Barcolli, credi di capire, io di certo no: ti appoggi a una parete, inspiegabilmente la manchi. Però non cadi in terra; lentamente raddrizzi la schiena mentre la verità si fa largo in noi. Ti vedo provare a respirare, ma non succede niente: ormai è evidente. Il corpo sul letto, morto, non respira più; non sei altro che una nuova immagine di te. Un fantasma. Vedo le tue spalle però rilassarsi, sembrano anche più larghe e tu sembri più leggero; forse i tuoi piedi non toccano nemmeno più il pavimento; guardi fuori dalla finestra, attraverso il muro, con un piglio diverso. Davvero sembra che tu riesca a vedere oltre le pareti. Addirittura, mi sembra che una certa luce rifulga sul tuo viso. Più per riflesso che per altro carichi le gambe, sembra che tu voglia saltare verso quella luce, che ora vediamo nitidamente tutti e due.

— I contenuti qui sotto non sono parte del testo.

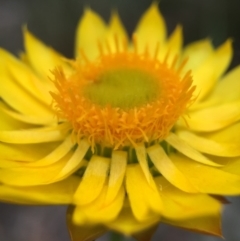 Xerochrysum viscosum (Sticky Everlasting) at ANBG South Annex - 21 Oct 2015 by JasonC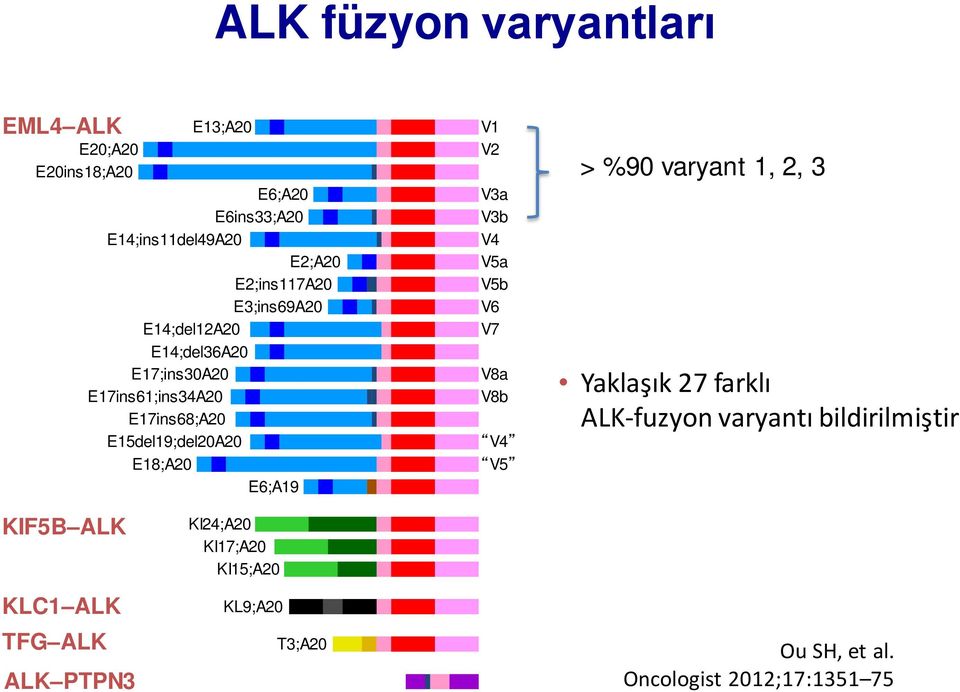 V2 V3a V3b V4 V5a V5b V6 V7 V8a V8b V4 V5 > %90 varyant 1, 2, 3 Yaklaşık 27 farklı ALK-fuzyon varyantı bildirilmiştir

E sotto questa luce nuova ti giri, mi fissi, davvero mi vedi?
“Sì, ti vedo, ora, per quello che sei. Credi di essere migliore di me, ti ho inventato migliore di me? Conquista il mondo se ne sei capace.”
Sento uno strano richiamo, una qualche pulsione verso di te; no, anzi, verso quel corpo fradicio di sudore, di cui comincio a sentire l’odore stantio, in attesa di una nuova anima. Non era questa la battaglia che mi aspettavo, la meritata conquista! Non il tuo corpo. O in qualche maniera sì, perché in fondo è anche il mio, ma non quel tuo corpo lì ma questo tuo corpo mio qui. Era il tuo mondo che volevo, che ci era stato promesso. Sono un essere vivente, non una animula, un simulacro dei tuoi vizi e desideri segreti, schiavo del tuo libero arbitrio! Ora, ora vedo oltre quel perimetro che mi imprigionava, anche io ho tre dimensioni. Non pensavo che vincere sarebbe stato così facile. L’inferno è di qua dallo specchio.
Si svegliò urlando, come da un terribile, terribile incubo.